Nothing more important than to know
Someone’s listening
Now I know
You’ll be listening


And in concert, you do feel like he's really thinking about the listening. Or at least, I did. He does things with the audience, things that demand a different kind of listening from us, like in Sunken Treasure where he has the whole audience go silent in Portland, or the part where he has the Audience sing The Thanks I Get with him. At the Marymoor show, he did that thing, the thing that demands that active listening, late in the show, in the form of clapping - he started it for us, then told us they were going to fade out and asked us to keep it going. And we did, which is how we all ended up together in the midst of what I consider one of the most difficult Wilco songs, Spiders (Kidsmoke) - he led us into it, and then let us go, gently, like a dad taking his hand off the back of a bike without training wheels, and we glided along for a moment, wobbly but holding it together. It was just clapping, but it was pure feeling, simple, and the kind of thing that happens with your whole body if you let it.

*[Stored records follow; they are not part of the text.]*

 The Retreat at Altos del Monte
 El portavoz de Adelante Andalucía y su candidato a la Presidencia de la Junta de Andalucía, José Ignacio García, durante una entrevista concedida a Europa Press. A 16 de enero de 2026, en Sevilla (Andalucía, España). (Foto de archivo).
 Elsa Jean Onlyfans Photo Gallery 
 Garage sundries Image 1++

And that was one of those moments when I realized how perfectly happy I was. For a moment, recovering from nothing, just all the way there, all the way happy.



4 comments:

K said...

pretty picture night northwest

yer blog has been dense lately, happy to have the weekend to catch up.

there is nothing like Edgefield in all of England

Kathleen said...

I love Sky Blue Sky. And reading this post.

Unknown said...

I got a little choked up reading this ... so pretty and true. I'm very happy to have come across you.

LadyGripe said...

Yay for happy. Love things that make for happy.